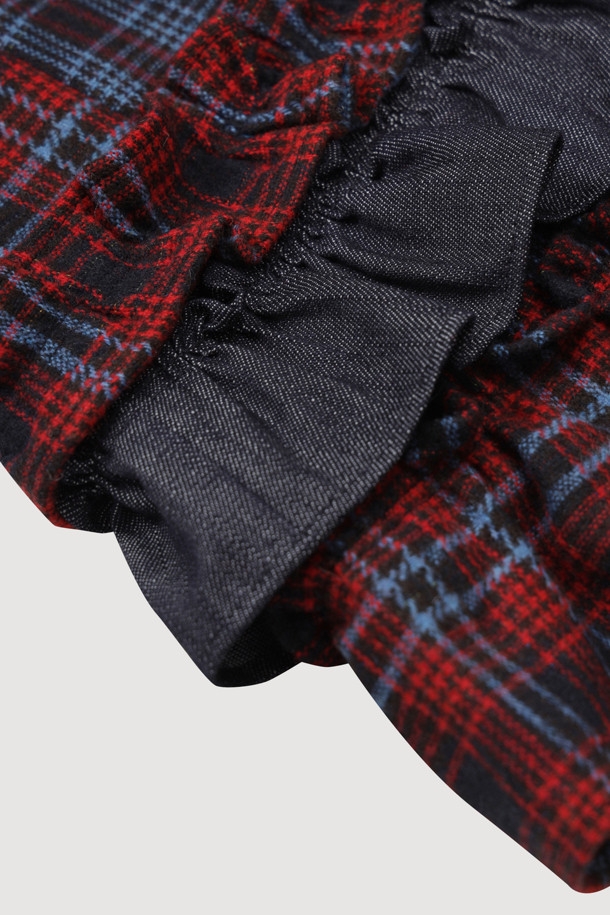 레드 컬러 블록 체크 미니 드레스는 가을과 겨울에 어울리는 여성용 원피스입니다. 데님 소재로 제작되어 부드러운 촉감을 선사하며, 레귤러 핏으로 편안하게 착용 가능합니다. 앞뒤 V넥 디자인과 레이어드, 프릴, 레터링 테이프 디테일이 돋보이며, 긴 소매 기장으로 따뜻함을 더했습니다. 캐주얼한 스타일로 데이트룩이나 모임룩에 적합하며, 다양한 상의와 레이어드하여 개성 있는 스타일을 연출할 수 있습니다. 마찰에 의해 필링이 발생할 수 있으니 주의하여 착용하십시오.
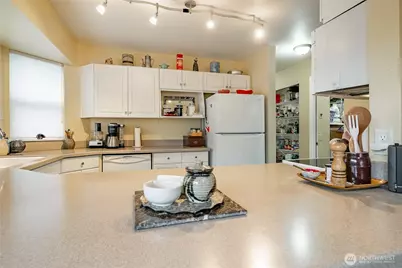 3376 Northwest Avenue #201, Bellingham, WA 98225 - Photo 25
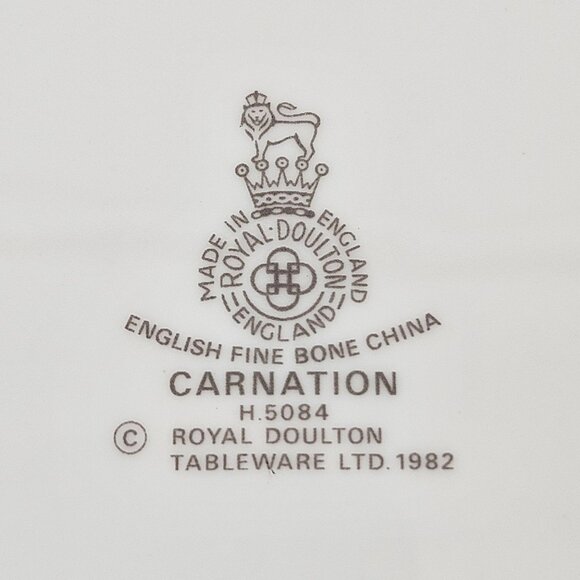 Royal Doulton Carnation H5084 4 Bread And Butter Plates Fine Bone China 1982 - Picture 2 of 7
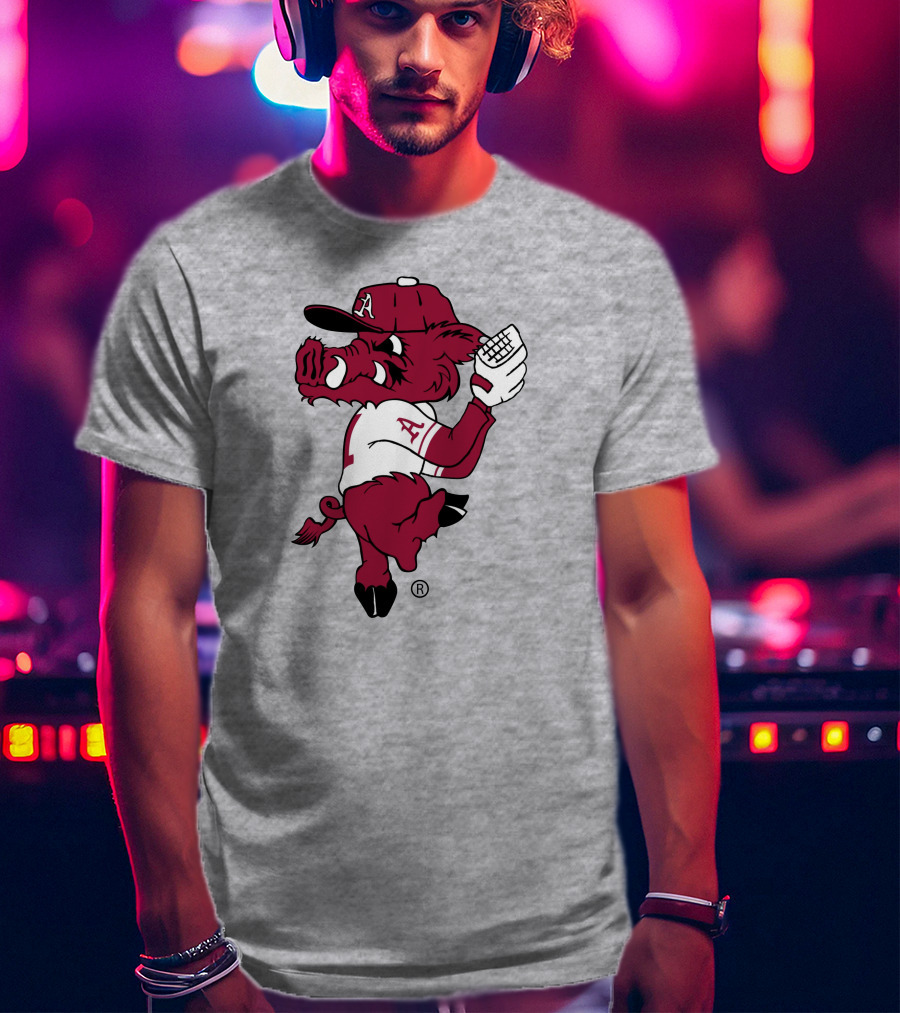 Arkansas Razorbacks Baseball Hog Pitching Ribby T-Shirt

#### REQUIRED WORK
Exactly repeat the material from its first line through the line with "3376 Northwest Avenue", including both, and leave the pictures and everything else out.

#### SOLUTION
 레드 컬러 블록 체크 미니 드레스는 가을과 겨울에 어울리는 여성용 원피스입니다. 데님 소재로 제작되어 부드러운 촉감을 선사하며, 레귤러 핏으로 편안하게 착용 가능합니다. 앞뒤 V넥 디자인과 레이어드, 프릴, 레터링 테이프 디테일이 돋보이며, 긴 소매 기장으로 따뜻함을 더했습니다. 캐주얼한 스타일로 데이트룩이나 모임룩에 적합하며, 다양한 상의와 레이어드하여 개성 있는 스타일을 연출할 수 있습니다. 마찰에 의해 필링이 발생할 수 있으니 주의하여 착용하십시오.
 3376 Northwest Avenue #201, Bellingham, WA 98225 - Photo 25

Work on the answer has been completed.